_INPUT MATERIAL_:

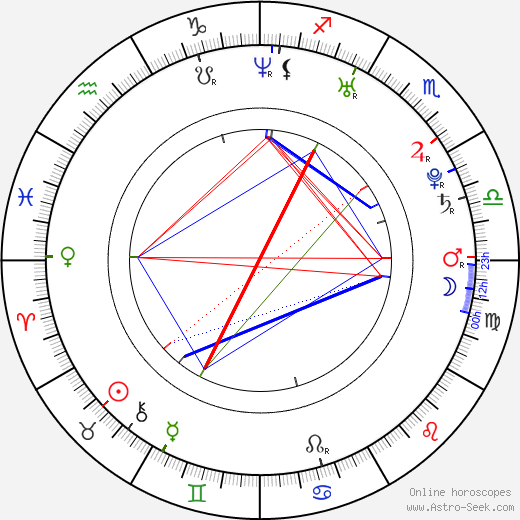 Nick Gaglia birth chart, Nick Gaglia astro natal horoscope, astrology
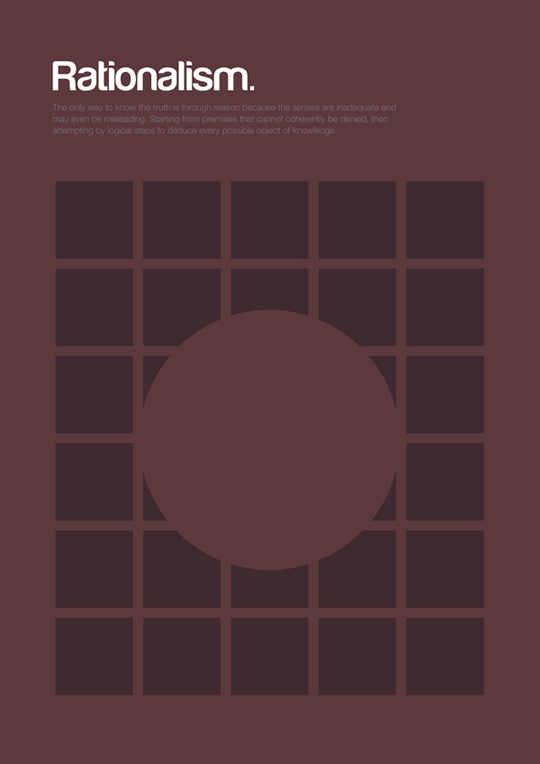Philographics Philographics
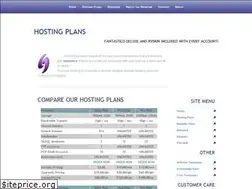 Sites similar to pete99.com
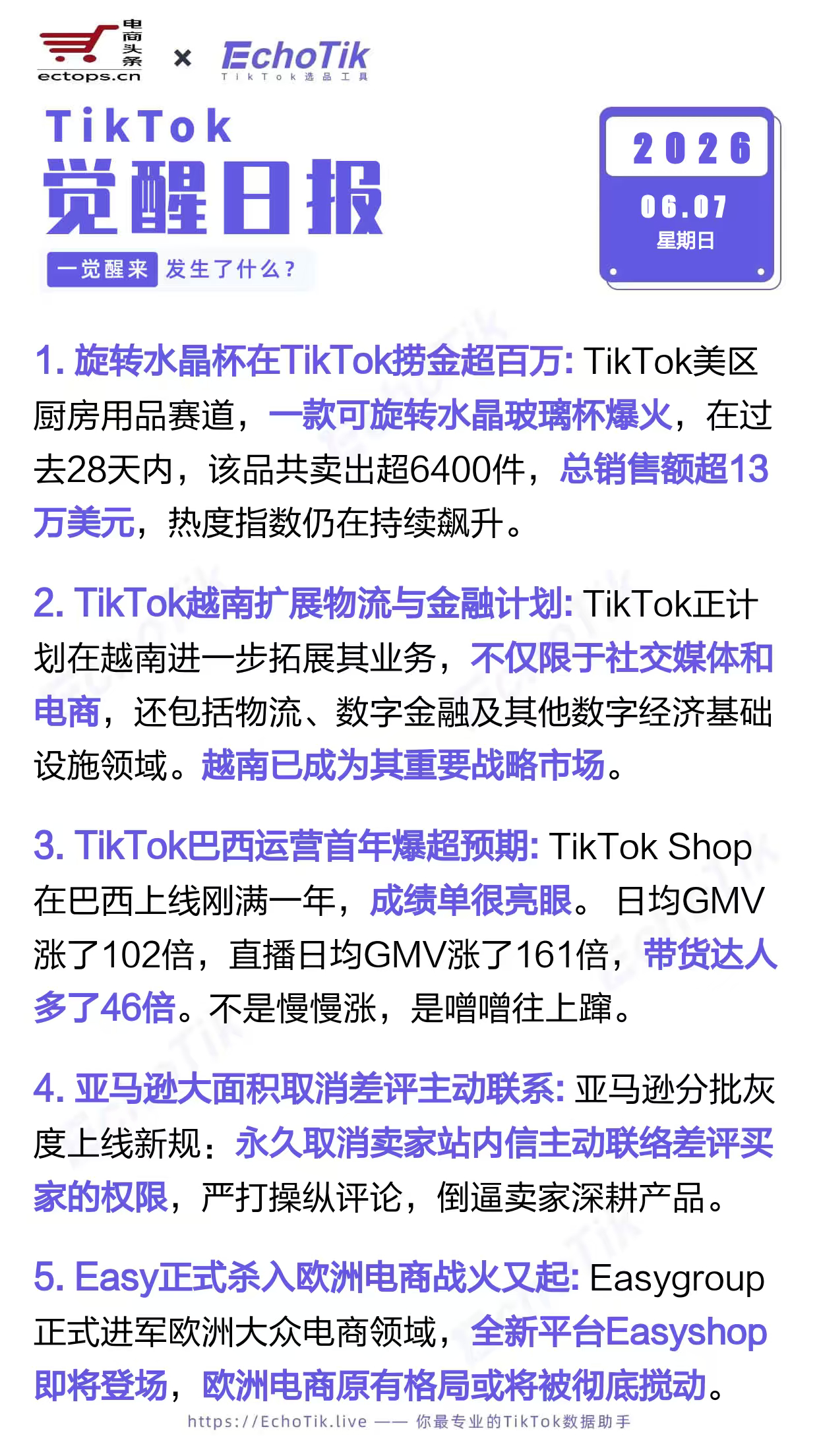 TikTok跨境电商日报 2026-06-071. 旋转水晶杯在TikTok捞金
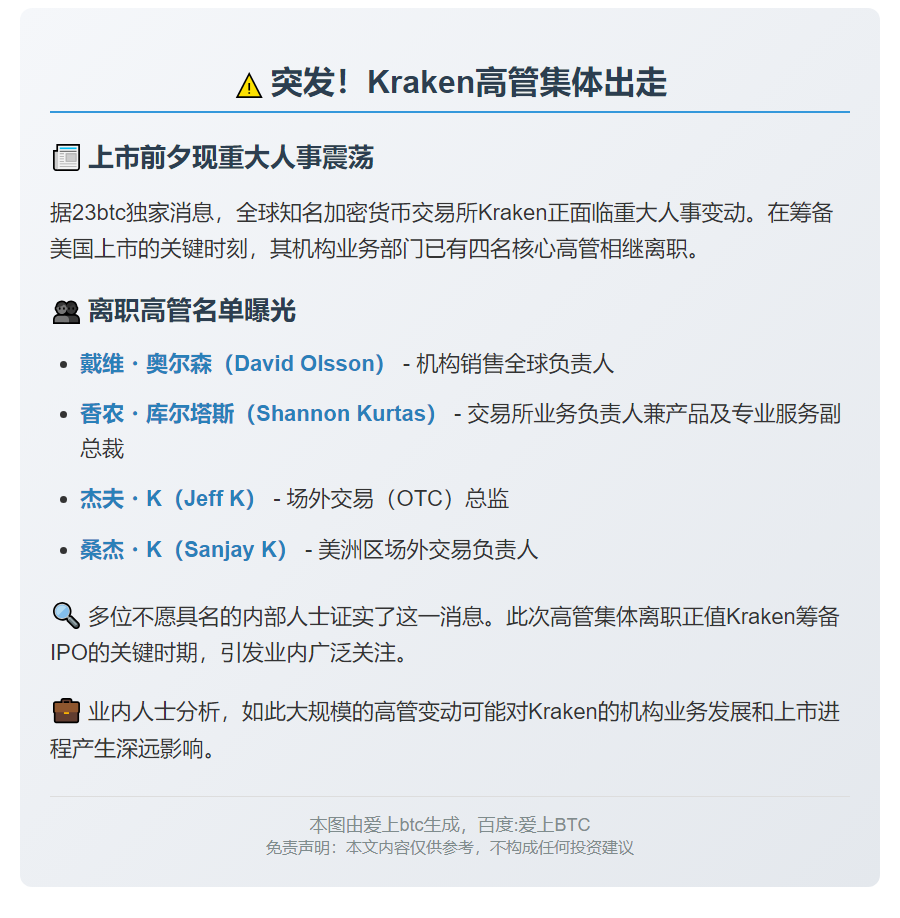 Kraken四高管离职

_ASSIGNMENT_:
Please copy every record above exactly, but leave the pictures out.

_RESULT FOR THIS EXERCISE_:
 Nick Gaglia birth chart, Nick Gaglia astro natal horoscope, astrology
Philographics Philographics
 Sites similar to pete99.com
 TikTok跨境电商日报 2026-06-071. 旋转水晶杯在TikTok捞金
 Kraken四高管离职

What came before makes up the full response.